Records contained in a dataset
---------------

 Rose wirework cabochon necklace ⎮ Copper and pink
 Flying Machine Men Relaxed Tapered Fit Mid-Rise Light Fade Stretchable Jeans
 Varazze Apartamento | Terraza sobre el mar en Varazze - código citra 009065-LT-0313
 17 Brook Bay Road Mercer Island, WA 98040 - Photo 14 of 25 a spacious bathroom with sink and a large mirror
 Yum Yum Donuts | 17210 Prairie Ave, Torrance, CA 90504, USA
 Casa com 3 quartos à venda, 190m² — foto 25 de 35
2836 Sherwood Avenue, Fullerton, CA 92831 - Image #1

---------------

[What is needed]:
Once the line with "Casa com 3 quartos" has been found in the records above, retype it and every line after it exactly, and include nothing else.

[Output below]:
 Casa com 3 quartos à venda, 190m² — foto 25 de 35
2836 Sherwood Avenue, Fullerton, CA 92831 - Image #1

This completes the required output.